This represented two inspection samples. These LERs are closed.

.3 Seismic Event on April 18, 2008

a. Inspection Scope

On April 18, 2008, at 4:37 a.m., a seismic event was reported having a magnitude of 5.2 on the Richter scale. According to the United States Geological Survey (USGS)

Earthquake Center, the epicenter of the earthquake was located near West Salem, Illinois. The USGS recorded an aftershock at 10:56 a.m. The seismograph at Dresden Station did not record movement during either event indicating these were not significant. These events were documented as IR 765098, Seismic Event Documented for Dresden on April 18, 2008.

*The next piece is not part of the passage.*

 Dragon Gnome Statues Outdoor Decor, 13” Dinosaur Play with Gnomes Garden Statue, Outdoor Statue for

The inspectors observed and reviewed the licensees response to both events. The inspectors interviewed multiple personnel and confirmed that the licensee properly classified the event in accordance with emergency action level procedures and verified that the licensees response was appropriate and in accordance with procedures and training. In addition, the inspectors performed walk downs of both the reactor and turbine buildings. No evidence of damage and/or structural degradation was observed.

This represented one inspection sample.

b. Findings

No findings of significance were identified.

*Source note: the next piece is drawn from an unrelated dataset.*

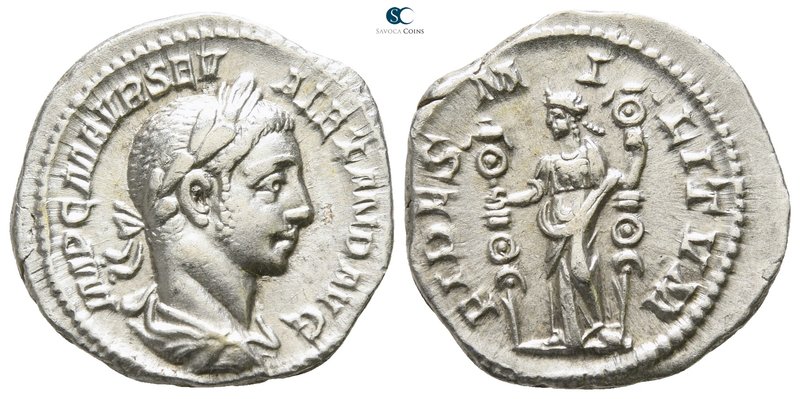 Severus Alexander AD 222-235. Struck AD 225. Rome
Denarius AR

19mm., 2,76g....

.4 Halon System Initiated into Main Computer Room

a. Inspection Scope

On June 3, 2008, at 11:00 a.m., the main control room received various alarms that indicated that the halon suppression system injected into the main computer room.

Operations dispatched the fire brigade/incident commander to investigate the main computer room alarms. Although there was an odor of something burnt, there was no obvious evidence of anything burnt or fire. External fans were set up to cool the room while investigating the cause. Once the halon discharged, the halon system for the main computer room was declared inoperable. A fire watch was put in place. The licensee initiated a prompt investigation. The prompt investigation was not able to determine the cause for the halon initiation. This event was documented as IR 782430, Halon System Initiated into Main Computer Room.

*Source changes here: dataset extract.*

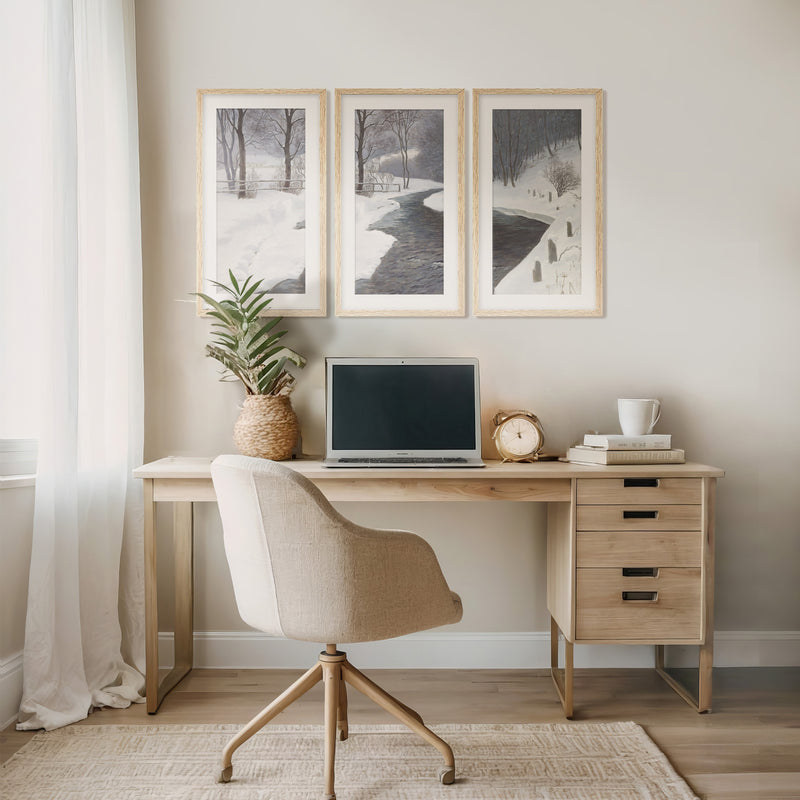 Winter Forest Landscape Triptych - Sage and Rose Prints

The inspectors observed and reviewed the licensees response to the event. The inspectors interviewed multiple personnel, verified that the licensees response was appropriate and in accordance with procedures and confirmed that the event did not meet the threshold for reportability. In addition, the inspectors performed a walk down of the main computer room. No evidence of an actual fire was observed. The inspectors also reviewed the results of the licensees prompt investigation.

This represented one inspection sample.

b. Findings

No findings of significance were identified

4OA5 Other Activities

.1 Review of Institute of Nuclear Power Operations Reports

The inspectors completed a review of the final report for the Institute of Nuclear Power Operations, October 2007 Evaluation. The onsite inspections were conducted the weeks of September 24 and October 1, 2007. During the review the inspectors did not identify any new safety significant issues.

.2 Quarterly Resident Inspector Observations of Security Personnel and Activities

a. Inspection Scope

During the inspection period, the inspectors conducted observations of security force personnel and activities to ensure that the activities were consistent with licensee security procedures and regulatory requirements relating to nuclear plant security.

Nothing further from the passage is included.